Convolutional Neural Networks (CNN)

By Prof. Seungchul Lee
http://iai.postech.ac.kr/
Industrial AI Lab at POSTECH

Table of Contents

1. Convolution¶

1.1. 1D Convolution¶

1.2. Convolution on Image (= Convolution in 2D)¶

Filter (or Kernel)

Modify or enhance an image by filtering
Filter images to emphasize certain features or remove other features
Filtering includes smoothing, sharpening and edge enhancement
Discrete convolution can be viewed as element-wise multiplication by a matrix

How to find the right Kernels

We learn many different kernels that make specific effect on images
Let’s apply an opposite approach
We are not designing the kernel, but are learning the kernel from data
Can learn feature extractor from data using a deep learning framework

2. Convolutional Neural Networks (CNN)¶

2.1. Motivation: Learning Visual Features¶

The bird occupies a local area and looks the same in different parts of an image. We should construct neural networks which exploit these properties.

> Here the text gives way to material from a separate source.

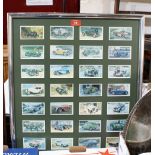 A framed set of Players cigarette cards 'Famous MG Marques'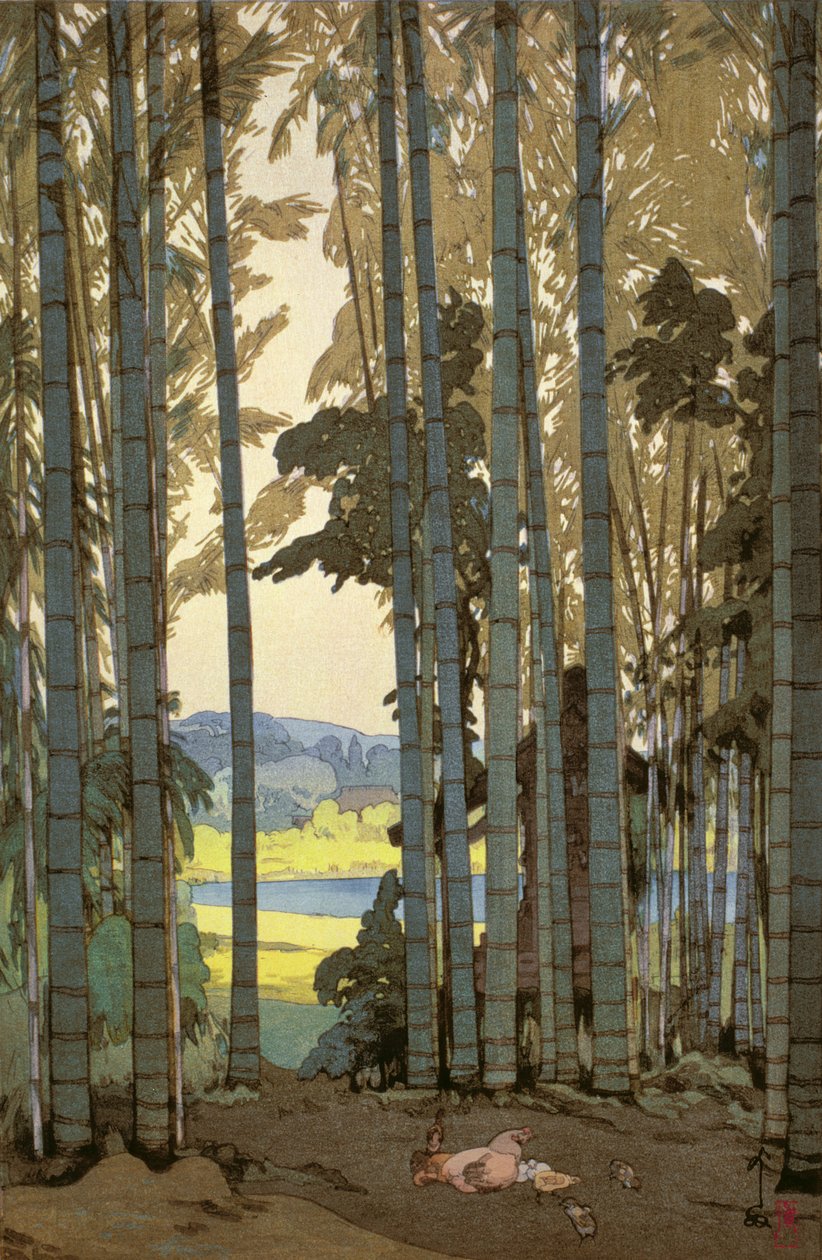 Hens in the bamboo wood by Hiroshi Yoshida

ANN structure for object detecion in image
- does not seem the best
- did not make use of the fact that we are dealing with images
- Spatial organization of the input is destroyed by flattening

Locality: objects tend to have a local spatial support
- fully and convolutionally connected layer $\rightarrow$ locally and convolutionally connected layer

- __Translation invariance__: object appearance is independent of location - Weight sharing: untis connected to different locations have the same weights - We are not designing the kernel, but are learning the kernel from data - _i.e._ We are learning visual feature extractor from data

2.2. Convolutional Operator¶

Convolution of CNN

Local connectivity
Weight sharing
Typically have sparse interactions
Convolutional Neural Networks
- Simply neural networks that use the convolution in place of general matrix multiplication in at least one of their layers

Multiple channels

Multiple kernels

2.3 Stride and Padding¶

Strides: increment step size for the convolution operator
- Reduces the size of the output map

No stride and no padding

Stride example with kernel size 3×3 and a stride of 2

Padding: artificially fill borders of image
- Useful to keep spatial dimension constant across filters
- Useful with strides and large receptive fields
- Usually fill with 0s

2.4. Nonlinear Activation Function¶

2.5. Pooling¶

Compute a maximum value in a sliding window (max pooling)
- Reduce spatial resolution for faster computation
- Achieve invariance to any permutation inside one of the cell

Pooling size : $2\times2$ for example

2.6. CNN for Classification¶

CONV and POOL layers output high-level features of input
Fully connected layer uses these features for classifying input image
Express output as probability of image belonging to a particular class

3. Lab: CNN with TensorFlow¶

MNIST example
To classify handwritten digits

3.1. Training¶

import os
os.environ["CUDA_DEVICE_ORDER"] = "PCI_BUS_ID"
os.environ["CUDA_VISIBLE_DEVICES"] = "0"

import tensorflow as tf
import numpy as np
import matplotlib.pyplot as plt

mnist = tf.keras.datasets.mnist

(train_x, train_y), (test_x, test_y) = mnist.load_data()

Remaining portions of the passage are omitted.